Negotiations will have to be conducted slowly, one by one, country by country. But first the UK has to try to roll-over the trade deals the EU already has with third countries. Easier said than done for as James Ashton-Bell of the CBI told the newspaper Business Insider :
“The UK fundamentally lacks the experience or the bandwidth to conduct 20 or more trade renegotiations in parallel to complete before the potential cliff edge of January 2021… The potential of a cliff edge for these agreements is very real, and potentially hugely damaging at both firm-level and for entire sectors of the UK economy. It could wipe some out overnight. Some export-reliant companies could literally go bankrupt.”
So, to repeat, what happens next? Quite frankly, as of today, April 30th, no one can say.
Two weeks ago who would have predicted that Amber Rudd would have resigned as Home Secretary, as a result of the fallout over the Windrush scandal? Who saw that coming?
As we said earlier, there is no majority in the UK Parliament to leave the Customs Union and the Single Market. But there are those in the Cabinet determined to do so, backed by a vocal and hardline group of Conservative MPs.
Negotiations between now and the June on the Irish border issue could bring matters to a head.
Anything could happen and probably will.
I don’t doubt your Analysis of the twisted, reality-removed ideology of a Segment of British Population – but it’s still deeply puzzling because it’s so far removed from reality. Esp. Point 2 – EU being Catholic?? Yes, France, Spain + Italy are traditionally Catholic – but Germany is half-half, and Scandinavia is Protestant.
However, since the 1960s, most of Europe is, I’d say, simply culturally religious: most of the Population go to Church for Christmas + Easter, the rest of the year, Churches are empty save for the old Folks. It’s a Tradition People grew up with, but not anything worth treating People differently.
It reminded me of that White Obelisk in London, which commemorates the big Fire of 1666, and in the inscription the last line blamed Spanish (Catholic) enemy agents: no proof, but “obviously” a fire couldn’t have been neglience / accident plus wooden buildings, no, it must have been enemies!
Worst was the tour guide’s remark that this line stayed there for centuries, until very recently.
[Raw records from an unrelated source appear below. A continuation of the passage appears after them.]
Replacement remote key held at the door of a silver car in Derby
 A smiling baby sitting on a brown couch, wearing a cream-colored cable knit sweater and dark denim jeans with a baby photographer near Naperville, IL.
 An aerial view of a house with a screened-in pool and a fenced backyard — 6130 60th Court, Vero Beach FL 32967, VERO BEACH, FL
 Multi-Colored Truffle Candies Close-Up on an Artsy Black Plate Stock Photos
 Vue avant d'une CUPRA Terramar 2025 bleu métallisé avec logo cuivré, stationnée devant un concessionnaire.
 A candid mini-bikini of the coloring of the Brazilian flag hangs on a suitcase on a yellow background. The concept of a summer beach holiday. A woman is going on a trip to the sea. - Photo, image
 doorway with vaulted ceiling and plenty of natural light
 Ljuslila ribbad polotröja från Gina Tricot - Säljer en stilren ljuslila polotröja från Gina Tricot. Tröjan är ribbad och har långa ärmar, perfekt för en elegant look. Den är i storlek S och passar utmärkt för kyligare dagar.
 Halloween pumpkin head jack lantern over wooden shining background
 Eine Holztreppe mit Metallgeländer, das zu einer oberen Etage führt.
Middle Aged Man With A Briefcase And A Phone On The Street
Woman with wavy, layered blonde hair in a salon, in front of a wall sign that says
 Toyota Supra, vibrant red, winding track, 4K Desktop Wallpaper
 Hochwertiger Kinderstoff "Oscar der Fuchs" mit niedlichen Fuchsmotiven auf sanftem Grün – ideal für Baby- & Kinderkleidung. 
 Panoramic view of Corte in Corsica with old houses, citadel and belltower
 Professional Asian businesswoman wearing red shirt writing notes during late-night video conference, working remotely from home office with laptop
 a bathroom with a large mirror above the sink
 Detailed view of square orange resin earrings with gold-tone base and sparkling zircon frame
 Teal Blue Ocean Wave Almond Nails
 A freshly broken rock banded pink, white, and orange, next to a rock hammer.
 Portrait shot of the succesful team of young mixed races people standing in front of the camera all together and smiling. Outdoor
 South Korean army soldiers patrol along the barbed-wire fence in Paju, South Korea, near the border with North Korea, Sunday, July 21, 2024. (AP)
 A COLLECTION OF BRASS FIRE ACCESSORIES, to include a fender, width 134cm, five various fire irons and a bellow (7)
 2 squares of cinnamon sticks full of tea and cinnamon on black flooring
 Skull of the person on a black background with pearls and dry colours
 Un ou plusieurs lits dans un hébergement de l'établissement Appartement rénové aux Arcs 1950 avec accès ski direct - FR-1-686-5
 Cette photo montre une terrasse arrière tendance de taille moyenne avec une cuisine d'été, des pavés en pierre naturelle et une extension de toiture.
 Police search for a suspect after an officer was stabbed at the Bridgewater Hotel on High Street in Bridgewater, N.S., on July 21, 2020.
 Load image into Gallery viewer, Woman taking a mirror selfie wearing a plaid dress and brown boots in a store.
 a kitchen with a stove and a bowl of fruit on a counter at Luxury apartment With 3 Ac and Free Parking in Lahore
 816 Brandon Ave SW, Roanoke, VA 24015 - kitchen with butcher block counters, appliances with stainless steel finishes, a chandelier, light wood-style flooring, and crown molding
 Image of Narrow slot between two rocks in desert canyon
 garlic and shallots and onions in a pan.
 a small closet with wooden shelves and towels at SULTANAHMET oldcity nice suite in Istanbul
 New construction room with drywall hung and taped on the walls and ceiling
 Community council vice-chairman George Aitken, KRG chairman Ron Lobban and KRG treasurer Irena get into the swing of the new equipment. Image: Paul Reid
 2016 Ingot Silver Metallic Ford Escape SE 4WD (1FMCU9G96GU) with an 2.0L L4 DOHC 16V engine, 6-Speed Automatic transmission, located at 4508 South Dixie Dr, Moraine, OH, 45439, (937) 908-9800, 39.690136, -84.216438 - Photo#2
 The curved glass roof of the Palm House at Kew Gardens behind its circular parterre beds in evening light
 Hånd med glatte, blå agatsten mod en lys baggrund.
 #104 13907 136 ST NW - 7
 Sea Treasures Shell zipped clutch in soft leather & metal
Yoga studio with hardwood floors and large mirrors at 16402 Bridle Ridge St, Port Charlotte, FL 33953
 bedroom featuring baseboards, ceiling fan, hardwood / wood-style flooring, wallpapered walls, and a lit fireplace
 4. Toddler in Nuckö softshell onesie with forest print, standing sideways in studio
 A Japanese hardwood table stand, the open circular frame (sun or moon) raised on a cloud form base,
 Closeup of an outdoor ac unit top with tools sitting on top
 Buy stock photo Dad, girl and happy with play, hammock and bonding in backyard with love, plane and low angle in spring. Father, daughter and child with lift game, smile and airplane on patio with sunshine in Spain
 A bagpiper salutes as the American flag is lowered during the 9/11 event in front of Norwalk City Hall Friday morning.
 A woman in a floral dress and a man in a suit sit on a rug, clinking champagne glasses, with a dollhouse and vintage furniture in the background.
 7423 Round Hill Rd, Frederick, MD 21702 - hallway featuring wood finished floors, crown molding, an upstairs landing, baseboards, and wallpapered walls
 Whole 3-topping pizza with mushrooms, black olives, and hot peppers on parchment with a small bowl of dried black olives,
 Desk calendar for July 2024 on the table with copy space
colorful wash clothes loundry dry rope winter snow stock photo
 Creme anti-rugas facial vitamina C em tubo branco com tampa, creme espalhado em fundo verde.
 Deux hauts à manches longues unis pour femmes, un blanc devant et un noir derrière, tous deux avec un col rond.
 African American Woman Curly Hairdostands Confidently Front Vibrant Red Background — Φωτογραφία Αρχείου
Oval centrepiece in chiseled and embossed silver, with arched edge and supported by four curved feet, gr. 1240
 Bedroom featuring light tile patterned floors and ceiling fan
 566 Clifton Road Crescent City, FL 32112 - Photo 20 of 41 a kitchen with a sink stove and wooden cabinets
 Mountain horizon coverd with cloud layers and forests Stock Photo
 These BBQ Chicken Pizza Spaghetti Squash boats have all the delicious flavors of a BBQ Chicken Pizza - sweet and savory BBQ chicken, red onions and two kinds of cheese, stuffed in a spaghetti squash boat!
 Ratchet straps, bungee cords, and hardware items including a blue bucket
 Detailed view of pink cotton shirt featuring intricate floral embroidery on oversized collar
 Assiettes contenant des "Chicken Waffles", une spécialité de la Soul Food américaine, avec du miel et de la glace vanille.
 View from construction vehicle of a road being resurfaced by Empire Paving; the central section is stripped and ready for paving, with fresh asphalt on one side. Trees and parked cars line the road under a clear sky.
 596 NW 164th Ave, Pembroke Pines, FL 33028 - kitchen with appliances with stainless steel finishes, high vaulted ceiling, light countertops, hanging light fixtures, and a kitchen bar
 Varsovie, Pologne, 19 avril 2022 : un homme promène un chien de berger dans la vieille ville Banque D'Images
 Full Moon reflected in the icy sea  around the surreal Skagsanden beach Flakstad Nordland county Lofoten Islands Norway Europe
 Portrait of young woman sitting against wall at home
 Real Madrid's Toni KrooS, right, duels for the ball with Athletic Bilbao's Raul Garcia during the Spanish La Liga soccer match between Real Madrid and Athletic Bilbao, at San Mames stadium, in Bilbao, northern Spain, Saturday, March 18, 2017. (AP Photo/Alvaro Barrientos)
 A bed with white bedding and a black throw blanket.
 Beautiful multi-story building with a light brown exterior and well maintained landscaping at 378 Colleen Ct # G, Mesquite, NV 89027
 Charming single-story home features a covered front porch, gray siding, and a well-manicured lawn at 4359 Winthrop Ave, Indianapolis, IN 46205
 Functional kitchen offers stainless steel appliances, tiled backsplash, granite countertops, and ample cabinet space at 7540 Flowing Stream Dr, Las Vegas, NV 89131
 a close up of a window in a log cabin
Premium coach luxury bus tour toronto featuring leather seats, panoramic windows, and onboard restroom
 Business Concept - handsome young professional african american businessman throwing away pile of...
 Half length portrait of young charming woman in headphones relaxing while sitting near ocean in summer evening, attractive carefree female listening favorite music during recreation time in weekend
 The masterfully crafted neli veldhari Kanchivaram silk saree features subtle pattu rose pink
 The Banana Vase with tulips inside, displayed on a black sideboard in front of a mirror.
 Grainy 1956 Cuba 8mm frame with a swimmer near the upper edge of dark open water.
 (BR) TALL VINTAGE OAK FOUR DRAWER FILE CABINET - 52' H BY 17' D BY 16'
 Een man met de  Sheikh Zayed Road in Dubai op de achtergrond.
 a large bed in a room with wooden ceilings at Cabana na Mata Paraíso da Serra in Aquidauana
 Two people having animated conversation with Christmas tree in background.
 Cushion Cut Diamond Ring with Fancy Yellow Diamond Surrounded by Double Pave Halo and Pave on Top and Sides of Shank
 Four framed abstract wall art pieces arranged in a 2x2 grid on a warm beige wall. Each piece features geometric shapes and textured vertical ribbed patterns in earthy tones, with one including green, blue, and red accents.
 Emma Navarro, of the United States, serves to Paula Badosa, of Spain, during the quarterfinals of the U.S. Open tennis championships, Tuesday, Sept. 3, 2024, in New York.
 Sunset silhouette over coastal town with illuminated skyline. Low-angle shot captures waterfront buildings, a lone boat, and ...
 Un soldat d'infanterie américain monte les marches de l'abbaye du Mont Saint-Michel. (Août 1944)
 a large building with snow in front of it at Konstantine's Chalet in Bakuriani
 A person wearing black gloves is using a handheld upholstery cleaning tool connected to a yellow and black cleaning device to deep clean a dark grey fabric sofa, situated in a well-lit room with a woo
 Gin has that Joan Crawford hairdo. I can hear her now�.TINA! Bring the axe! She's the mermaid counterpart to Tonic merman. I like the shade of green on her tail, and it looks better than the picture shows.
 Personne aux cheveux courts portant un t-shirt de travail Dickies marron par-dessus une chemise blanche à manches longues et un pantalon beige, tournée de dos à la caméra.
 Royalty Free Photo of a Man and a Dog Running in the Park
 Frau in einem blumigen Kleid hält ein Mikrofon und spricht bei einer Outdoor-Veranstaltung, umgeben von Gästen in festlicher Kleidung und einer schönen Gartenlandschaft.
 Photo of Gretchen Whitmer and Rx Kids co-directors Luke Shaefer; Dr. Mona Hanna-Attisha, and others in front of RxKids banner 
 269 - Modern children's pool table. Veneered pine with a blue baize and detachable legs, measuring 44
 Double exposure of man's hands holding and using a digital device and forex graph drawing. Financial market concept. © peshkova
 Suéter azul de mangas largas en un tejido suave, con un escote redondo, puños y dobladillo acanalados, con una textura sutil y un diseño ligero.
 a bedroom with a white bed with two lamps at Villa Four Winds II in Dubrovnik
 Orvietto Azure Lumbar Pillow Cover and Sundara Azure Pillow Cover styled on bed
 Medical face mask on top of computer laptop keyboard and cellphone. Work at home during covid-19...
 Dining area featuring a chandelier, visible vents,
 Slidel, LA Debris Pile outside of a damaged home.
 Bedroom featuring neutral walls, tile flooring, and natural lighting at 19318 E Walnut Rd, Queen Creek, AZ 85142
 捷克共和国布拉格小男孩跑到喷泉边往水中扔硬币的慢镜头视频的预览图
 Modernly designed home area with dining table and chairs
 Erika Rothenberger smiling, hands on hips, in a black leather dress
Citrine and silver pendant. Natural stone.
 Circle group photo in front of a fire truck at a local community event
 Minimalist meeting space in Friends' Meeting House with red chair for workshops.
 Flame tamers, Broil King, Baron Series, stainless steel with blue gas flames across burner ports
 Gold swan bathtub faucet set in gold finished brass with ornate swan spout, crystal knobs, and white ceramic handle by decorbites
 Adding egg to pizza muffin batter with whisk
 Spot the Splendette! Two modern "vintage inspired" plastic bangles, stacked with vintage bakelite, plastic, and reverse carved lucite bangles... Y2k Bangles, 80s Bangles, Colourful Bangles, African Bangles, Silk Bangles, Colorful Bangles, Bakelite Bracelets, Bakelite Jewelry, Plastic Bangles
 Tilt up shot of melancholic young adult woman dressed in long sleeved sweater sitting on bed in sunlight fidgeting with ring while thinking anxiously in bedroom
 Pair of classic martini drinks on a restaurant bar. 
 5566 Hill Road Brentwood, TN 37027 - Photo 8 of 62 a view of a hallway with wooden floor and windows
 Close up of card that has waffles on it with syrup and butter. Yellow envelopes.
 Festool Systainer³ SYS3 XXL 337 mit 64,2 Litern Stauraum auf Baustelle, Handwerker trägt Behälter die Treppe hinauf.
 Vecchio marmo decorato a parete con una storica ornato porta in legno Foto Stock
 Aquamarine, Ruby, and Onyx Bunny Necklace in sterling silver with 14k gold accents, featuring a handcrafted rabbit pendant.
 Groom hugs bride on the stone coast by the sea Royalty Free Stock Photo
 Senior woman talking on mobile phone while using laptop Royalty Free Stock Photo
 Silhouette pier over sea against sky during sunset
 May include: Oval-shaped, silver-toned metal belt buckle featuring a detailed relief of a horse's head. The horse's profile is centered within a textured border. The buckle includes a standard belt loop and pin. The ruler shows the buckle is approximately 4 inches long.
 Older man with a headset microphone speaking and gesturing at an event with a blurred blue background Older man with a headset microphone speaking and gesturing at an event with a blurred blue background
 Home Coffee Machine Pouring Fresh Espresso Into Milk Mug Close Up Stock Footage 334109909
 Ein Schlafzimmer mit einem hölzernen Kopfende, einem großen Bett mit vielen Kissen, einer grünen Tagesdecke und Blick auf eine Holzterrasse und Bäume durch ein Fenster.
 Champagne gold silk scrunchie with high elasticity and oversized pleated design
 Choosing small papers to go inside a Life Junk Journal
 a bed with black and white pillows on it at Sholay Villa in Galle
This whole attitude of insularity as natural, as carrying grudges for decades and centuries, is so alien to how I experienced attitude towards history on the continent: every Country was at war with another Country every century; borders moved; peasants didn’t have nationality, they were serfs to one duke/ king; kings + dukes swore oath of loyalty to emperor, but when war started, didn’t feel like following, or left when it looked bad – so nationalism was a very recent, and very bad idea, let’s all be Europeans, because it was pure Chance which side of the river that’s the border our grandparents settled before giving birth and thus establishing nationality.